The summary below is a quick orientation to the three categories.

org.relationaltext.facet — programmatic API and hub namespace. Used when you call Document.addMark() or Document.addBlock(). These are the types stored on the wire when constructing documents from code, and this is also the "hub" that all 33 format lenses target.

  • org.relationaltext.facet with name: "bold" → kind "org.relationaltext.facet#bold"
  • org.relationaltext.facet with name: "paragraph" → kind "org.relationaltext.facet#paragraph"

When you call autoTransform(doc, 'org.relationaltext.facet'), all known format namespaces are converted into this one.

Format-specific namespaces — one per format.

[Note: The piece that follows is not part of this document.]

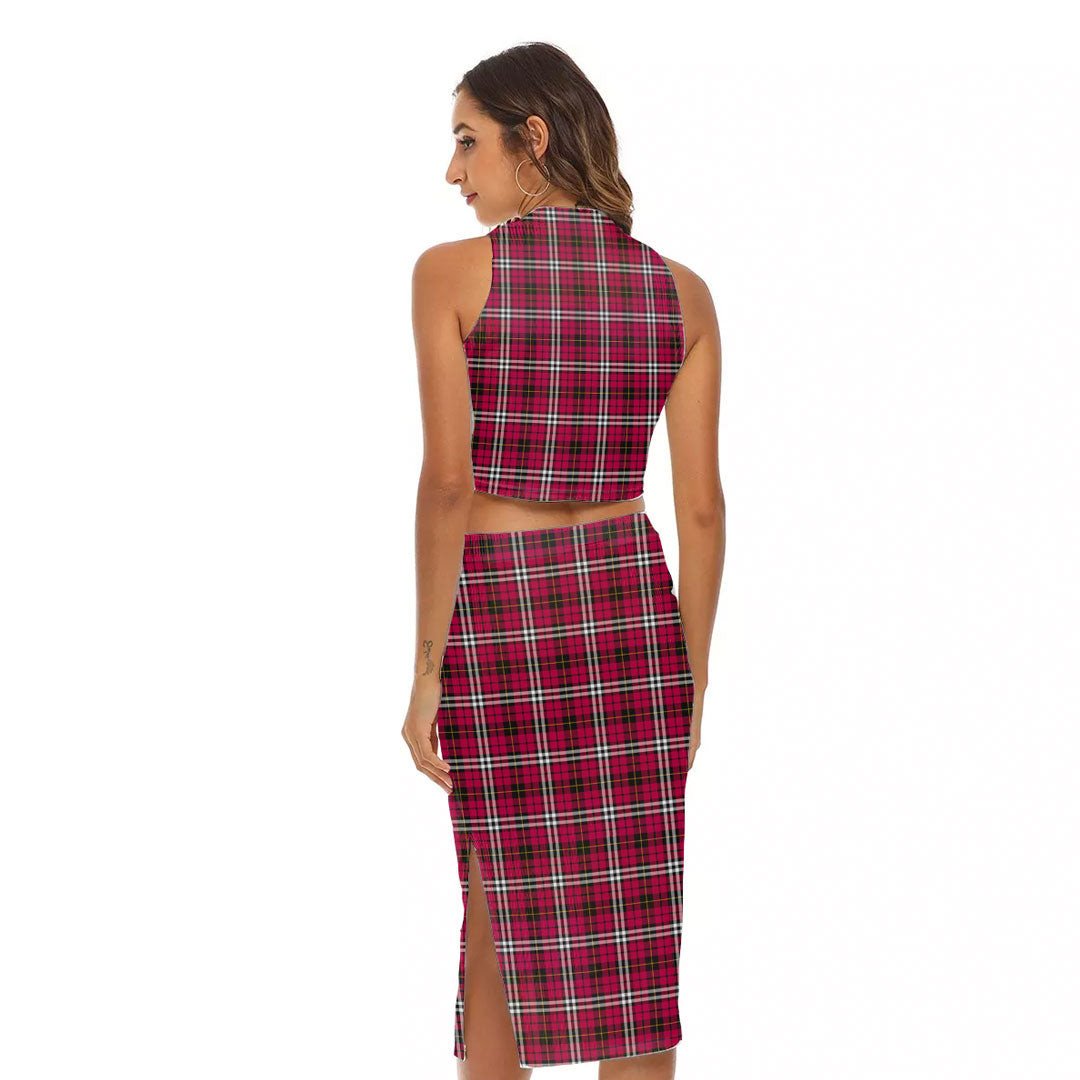 Little Tartan Plaid Tank Top & Split High Skirt Set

When you call from('markdown', input), features are stored under org.commonmark.facet. When you call from('html', input), they go under org.w3c.html.facet. These preserve the original format's identity and allow loss-free round-tripping.

Format-Specific Feature Namespaces

When you parse a format like Markdown or HTML, features are stored under that format's own namespace rather than org.relationaltext.facet. For example:

FormatNamespaceExample type
CommonMarkorg.commonmark.facetorg.commonmark.facet#strong
GFMorg.gfm.facetorg.gfm.facet#strikethrough
HTMLorg.w3c.html.facetorg.w3c.html.facet#a
Blueskyapp.bsky.richtext.facetapp.bsky.richtext.facet#mention
Mastodonorg.joinmastodon.facetorg.joinmastodon.facet#p

Lenses transform features between namespaces. See Lenses for how this works.

Why facets group features by range

The wire format groups features that share a byte range into a single facet rather than storing each feature as its own top-level entry. Two reasons drive this:

Rendering needs co-location. When a link and a bold mark cover exactly the same range, the HTML renderer must decide which wraps which (<a><strong> vs <strong><a>). That decision requires seeing both features at the same range simultaneously. The facet structure makes co-located features available without a grouping pass inside every renderer.

Verbosity. In dense rich text it is common for several marks to share a range (bold + italic + link, or a block marker with multiple style features). The grouped format stores the { byteStart, byteEnd } index once per range; a fully flat format would repeat it for every feature.

Document.features gives you the flat iteration ergonomics; the grouped structure stays in the wire format where it earns its keep.

Iterating Features

For most work — filtering by $type, collecting all annotations of a kind, passing features to a renderer — you want a flat list of features with their byte ranges, not nested facets[i].features[j] loops. Document.features provides this:

ts
// All links in the document
const links = doc.features.filter(f => f.$type === 'app.bsky.richtext.facet#link')

// All unique feature types in use
const types = new Set(doc.features.map(f => f.$type))

// Every feature covering a given byte position
const atPos = doc.features.filter(f => f.index.byteStart <= pos && pos < f.index.byteEnd)

Each entry is a FlatFeatureJSON — the feature's own fields plus its index:

ts
type FlatFeatureJSON = FeatureJSON & { readonly index: ByteSlice }

Canonical Sort Order

After any WASM normalization step (parse_document, insert_text, etc.), facets are sorted in canonical order:

  1. By byteStart ascending
  2. By byteEnd descending (wider facets first)
  3. Stable sort preserves insertion order for same-range facets

This deterministic ordering ensures that two equivalent documents produce identical JSON regardless of insertion order.